Set over the course of a single day in post-First World War London, Virginia Woolf’s Mrs Dalloway was, and in many ways still is, regarded as a truly innovative novel and it was on these grounds that I decided to pick it up.
And I must say, at first, I was not too sure I had made the right decision. The opening pages though they are adorned with flowery, vivid descriptions that paint the London inhabited by the book’s affluent cast as a comfortable and charming world, seemed to be (in absence of a Woolf-esque description) about a whole lot of nothing. I found myself torn as although the prose was undeniably beautiful the distinct lack of story other than the fact that Mrs Dalloway would be hosting a party, left me seriously considering putting it down.
In the end, owing largely to its relative shortness at just 213 pages, I decided to see things through.
Having now read Mrs Dalloway in its entirety, I can say whole-heartedly that this proved to be the correct decision. What I took at first glance to be the purposeless, persistent charting of the characters’ meandering thoughts actually transpired to be a fascinating exploration into the complexity of the human mind and the enormous spectrum of emotions, feelings, and thoughts that trouble our consciousness every day. The cast of Mrs Dalloway, through their fluctuating emotions, prompt a re-assessment of the common propensity to downplay the relentless inner workings in every human mind as the simple mundanity of ‘normal people’. The character’s tribulations also force us to acknowledge as human beings that we are actually far more complex than we give ourselves credit for.
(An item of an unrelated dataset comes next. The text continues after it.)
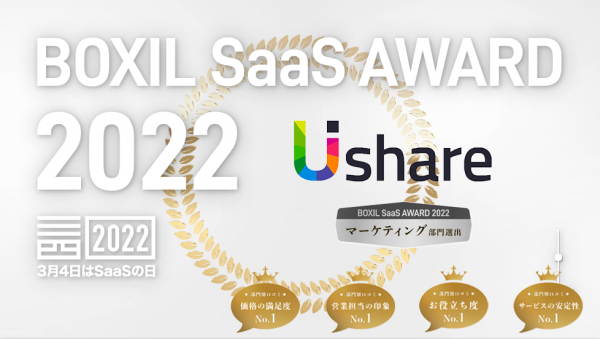 Boxil SaaS Award 受賞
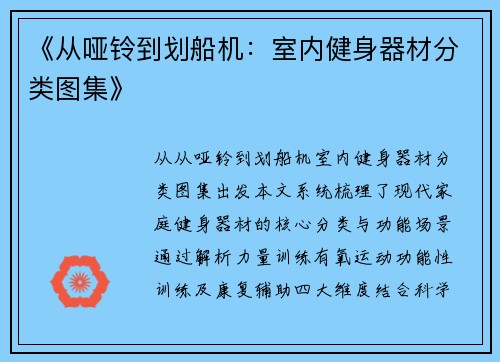 《从哑铃到划船机：室内健身器材分类图集》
These inner musings of the male and female characters often focus around the notion status and the undeniable role it plays in life. Over the course of a single day, the characters seek to address the lifelong battle for self-definition that all people face; ponder how the world views them; and even in some cases, contemplate re-definition following a loss of status. The fact that these characters do this prior to and during a party in which the Prime Minister makes an appearance in an era that is more or less a century old, is as far as I’m concerned, irrelevant, as the soul-searching they undertake is just as applicable to people now in the era of Brexit and Donald Trump as it was in the time of David Lloyd George and Woodrow Wilson. For that reason, Mrs Dalloway, though its purpose may at first seem obsolete, is deserving of its status as a classic piece of British literature.
Rating: 3.5/5 Beautifully written and unique in concept. Worthy of its place on any readers bucket list.